■ REQUIRED WORK
Repeat only the lines from the one containing "Modern 3-Drawers Nightstand" to the final line below, exactly as they read, and leave every picture out.

■ DATA EXCERPT

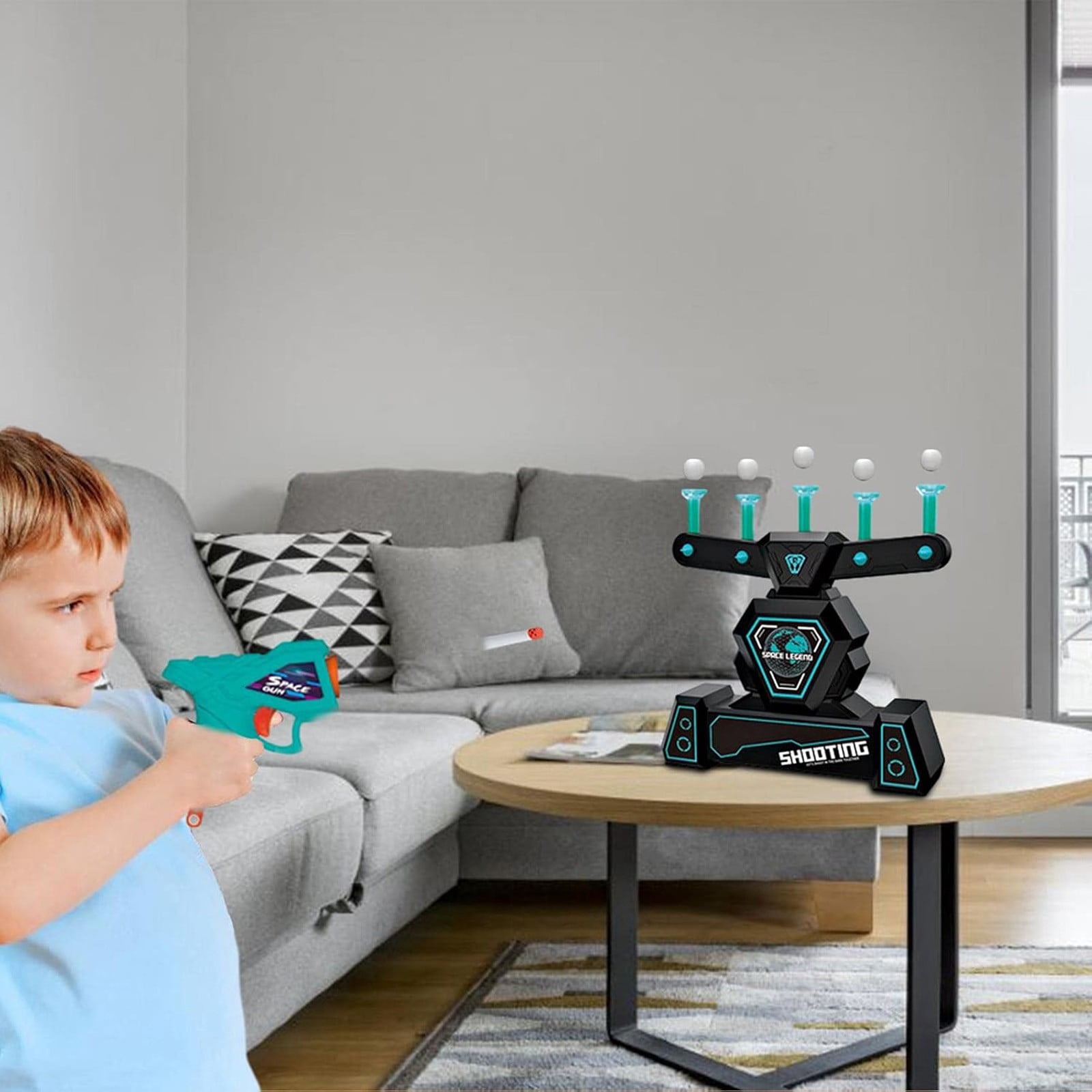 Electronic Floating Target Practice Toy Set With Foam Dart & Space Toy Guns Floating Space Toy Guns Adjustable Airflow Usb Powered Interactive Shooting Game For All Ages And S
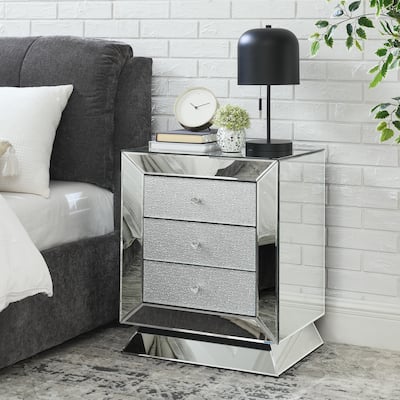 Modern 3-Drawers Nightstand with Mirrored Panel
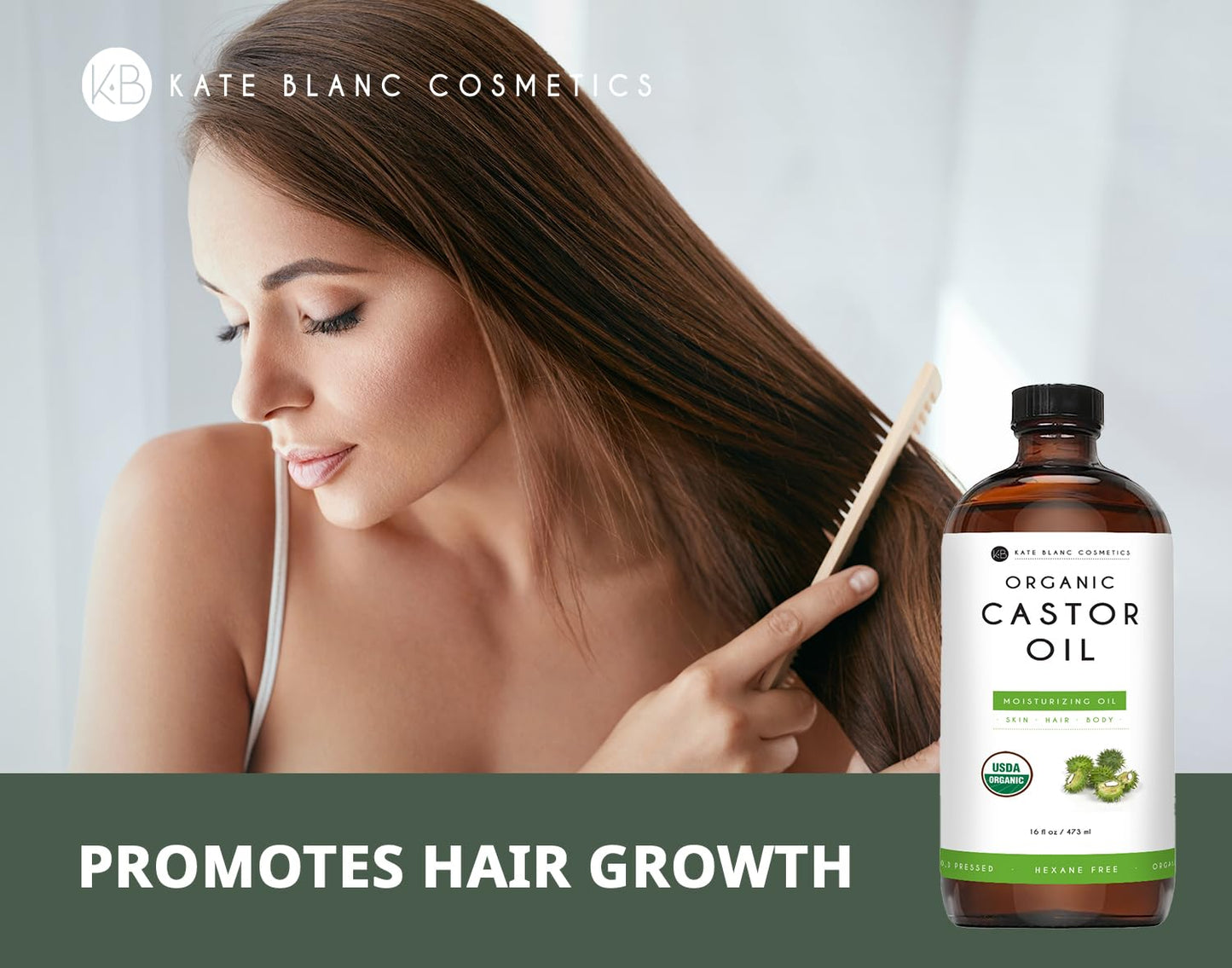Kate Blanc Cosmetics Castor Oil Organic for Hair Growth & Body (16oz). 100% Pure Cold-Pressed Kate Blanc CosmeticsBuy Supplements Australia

■ REPLY
 Modern 3-Drawers Nightstand with Mirrored Panel
Kate Blanc Cosmetics Castor Oil Organic for Hair Growth & Body (16oz). 100% Pure Cold-Pressed Kate Blanc CosmeticsBuy Supplements Australia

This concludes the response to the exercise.